Aquello era distinto a todo lo que había visto hasta entonces. O quizá sólo fueran figuraciones mías. Pero lo cierto era que esta vez la música sonaba diferente a lo que se había escuchado hasta entonces en Cataluña.
El mal llamado oasis catalán* ya había adquirido en ocasiones anteriores el aspecto parduzco de una ciénaga. Desde Banca Catalana hasta Javier de la Rosa, un «empresario catalán ejemplar», según el presidente de la Generalitat, Jordi Pujol. Desde el caso Casinos hasta el juez Estivill, el Juez de la Horca, y su compinche el abogado Piqué Vidal, pasando por el conseller Planasdemunt. O la nada velada amenaza de denunciar el 3 por ciento de comisiones pronunciada en la sede parlamentaria por otro presidente de la Generalitat, Pasqual Maragall, a raíz del hundimiento del Carmelo. Desde la trama de los inspectores de Hacienda hasta los informes encargados por distintos gobiernos sobre periodistas y medios de comunicación. Más tarde llegaría el caso Pretoria, una trama de supuesta corrupción transversal que ponía de manifiesto la sociovergencia. Eran hitos que jalonaban la historia reciente del país, pero todo ello sucedía extramuros, mientras la mirada de los ciudadanos se detenía con curiosa parsimonia en lo que acaecía en Marbella, Valencia, Palma de Mallorca o Madrid. Lugares ciertamente estrambóticos, lejanos, casi exóticos para los catalanes, un geografía del desamor. Pero luego las aguas encrespadas volvían al habitual tedio catalán, tan nuestro, tan querido. Ese aburrimiento pegajoso, asfixiante.

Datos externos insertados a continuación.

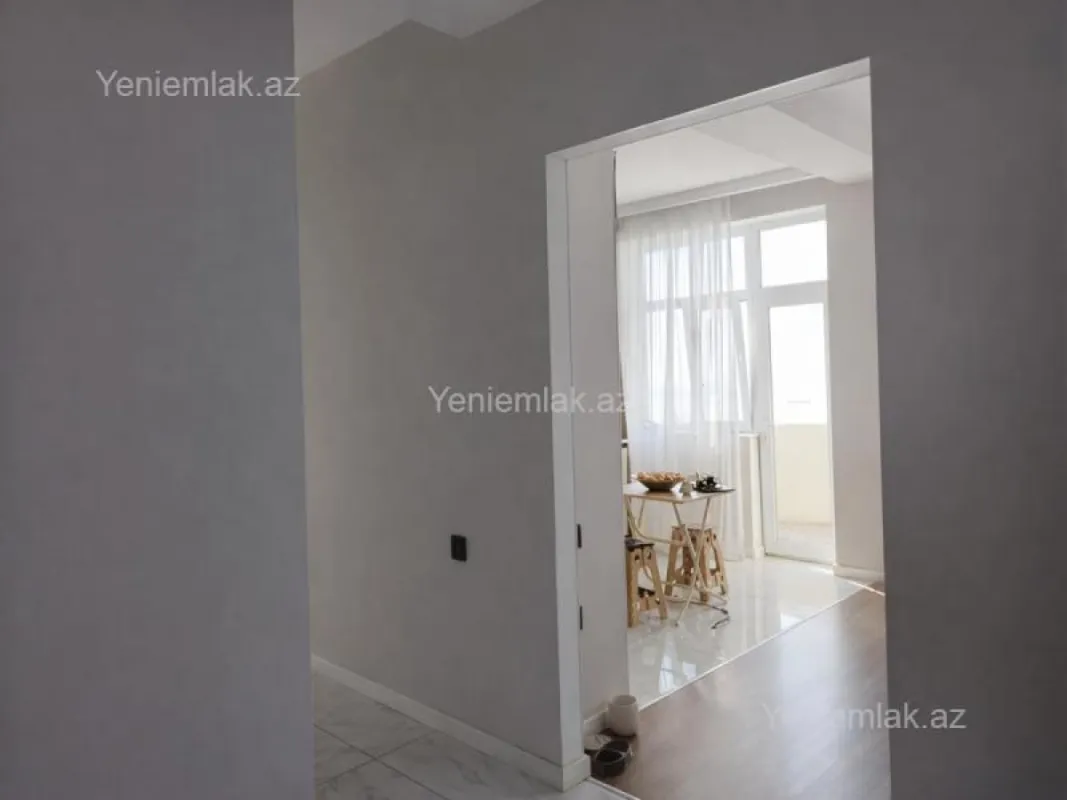 Satılır 3 otaqlı yeni tikili 105 m²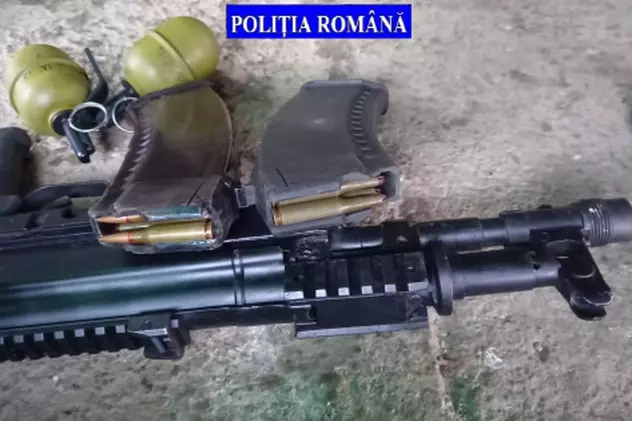 Un bărbat din Hunedoara care deținea ilegal grenade, pistoale și sute de cartușe, prins de polițiști. Voia să le vândă în Vulcan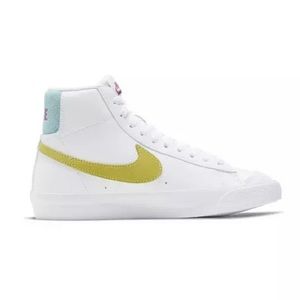 Nike Blazer Mid '77 Shoes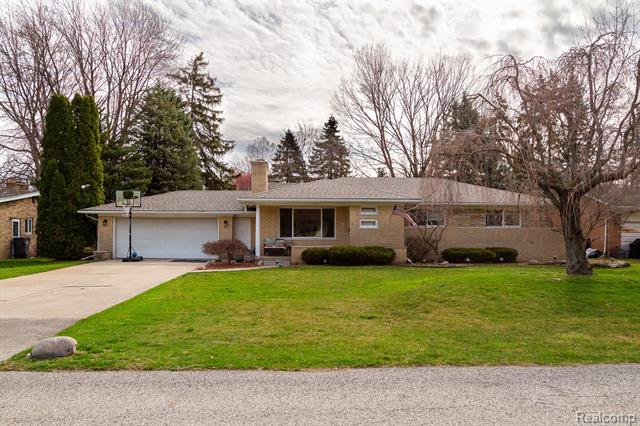 front view picture of 38532 Manchester, Clinton Township, MI. 48036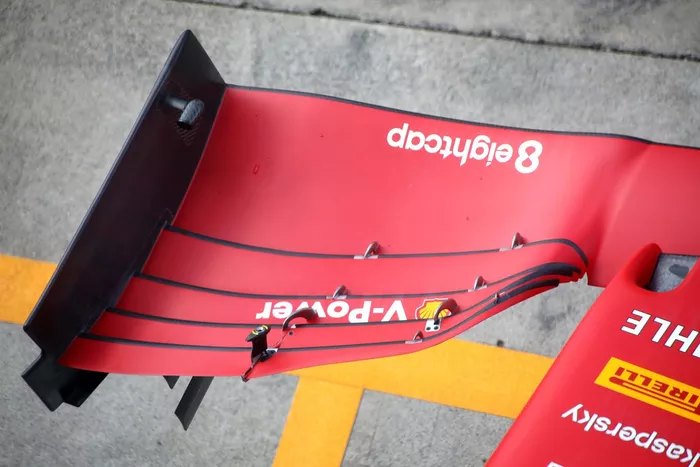 Detalle del alerón delantero del Ferrari SF1000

Pujol era capaz de chulearnos, con el beneplácito unánime, y jalearnos, afirmando nada más y nada menos que «si entramos aquí nos haremos mucho daño, porque tendré una respuesta fácil. Yo también le podría decir: “estos dieron tanto a tanto”»; después de esta amenaza el ex presidente aseguró que «todos desprenderemos un poco de hedor»; y añadió: «No entraremos, pero, ¡eh!, si hace falta entrar, entraremos; aunque me parece que no debo entrar», sentenció amenazante con el sonsonete del chantajista que juega con ventaja; sin embargo, nadie le sugirió que se fuera al juzgado de guardia a denunciarlo. Luego, claro está, dijo que sus palabras habían sido malinterpretadas ¡Faltaría más!

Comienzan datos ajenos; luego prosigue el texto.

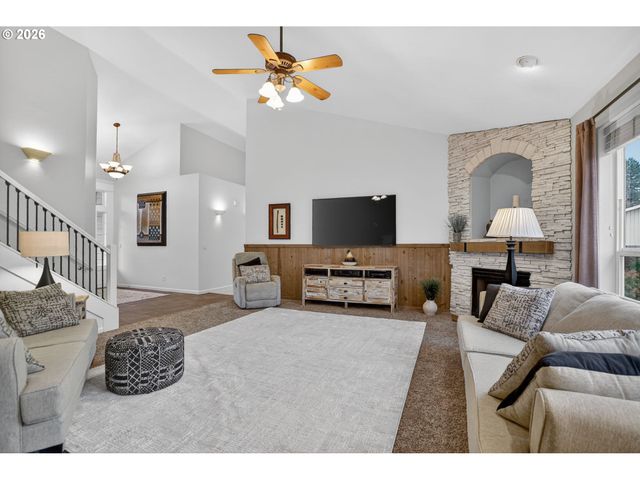 26250 S MILK CREEK Cir, Mulino, OR 97042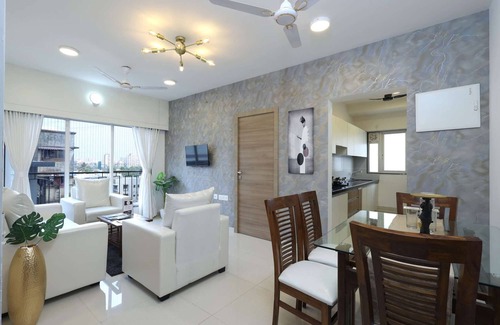 Vile Parle Apartment | 2 BHK Urban Suite (Gagal Home)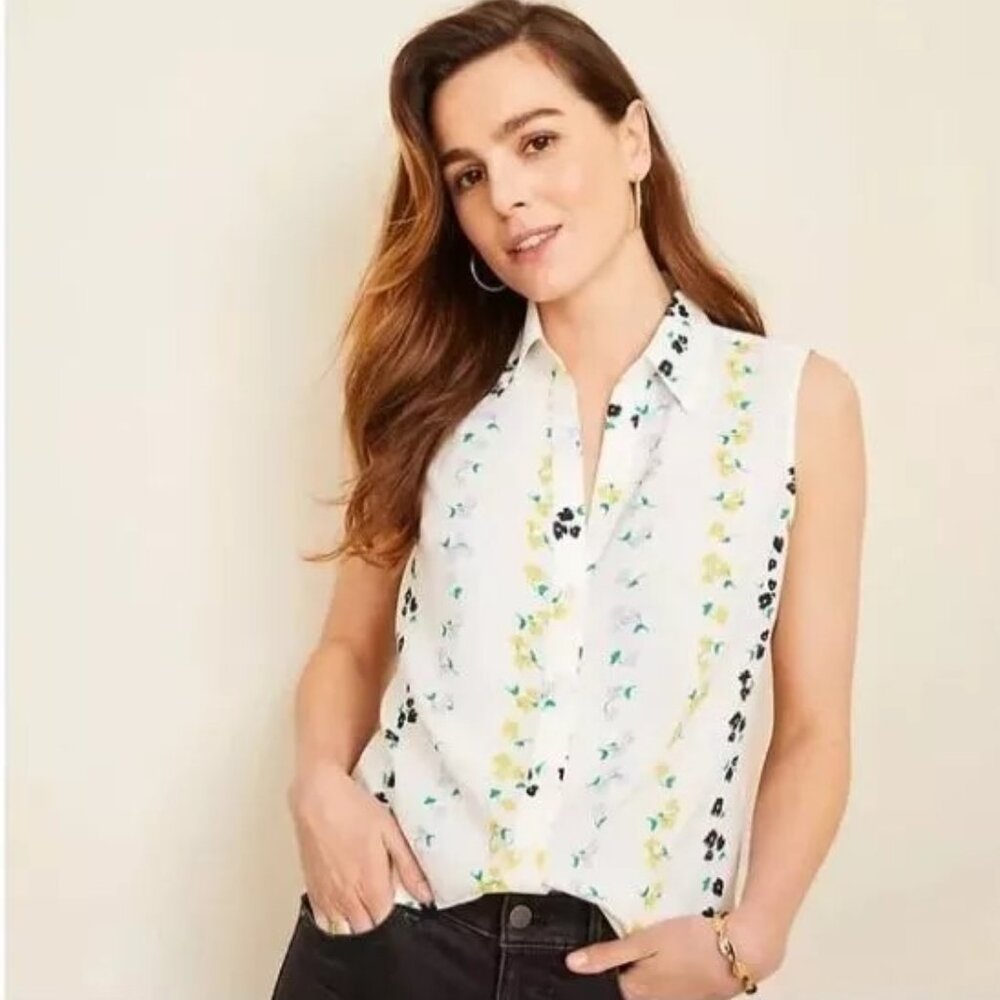 Brand New Ann Taylor Floral Sleeveless Essential Shirt, Size SP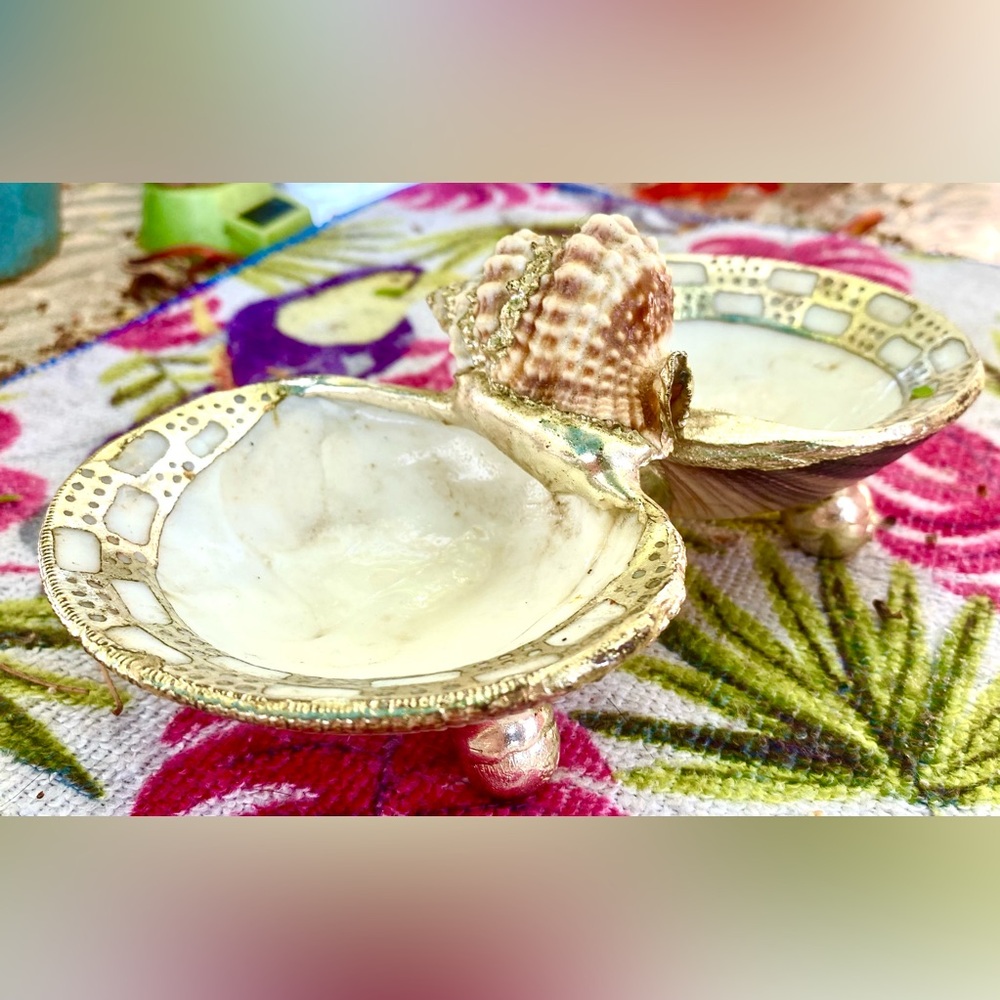 Gold and Cream Venus Clam Seashell Trinket/Snack Dish with Gold Trim - Picture 3 of 7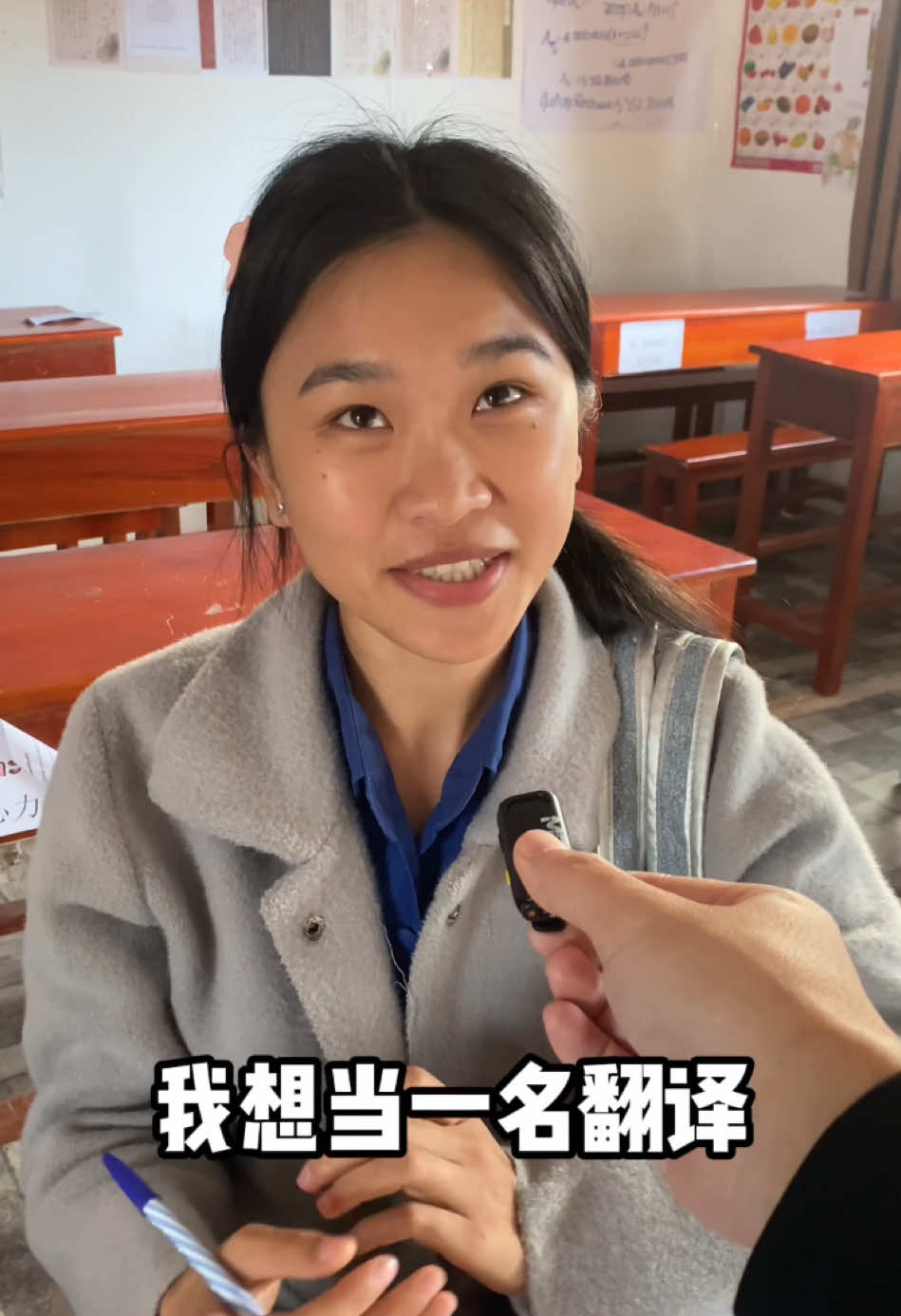 今天放学后突然发现教室里还有一个女生在学习。#南塔省寮龚华文学校 #校园采访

Esta vez la escena era distinta. Nos resultaba familiar, demasiado próxima. Uno de los espejos, en el que todos nos mirábamos y reconocíamos —e incluso nos admirábamos— como miembros de una supuesta comunidad nacional, la catalana, se había hecho literalmente añicos, y ahora sólo quedaba la misión de recoger pacientemente los pedazos rotos y tratar de recomponer la realidad. Esta vez se había tocado el hueso; no se trataba sólo de una memorable institución, en la cual se buscaban —en principio— unos dos millones de euros extraviados, sino de uno de los pilares simbólicos —como Montserrat, el Barça, La Caixa o La Vanguardia— del imaginario catalán. Una de las patas sobre las que se asentaba el país. No sólo eso, pero también y sobre todo se trataba de eso. La vajilla, que estaba tan bien dispuesta, había sido víctima de una espectacular trencadissa («estropicio»).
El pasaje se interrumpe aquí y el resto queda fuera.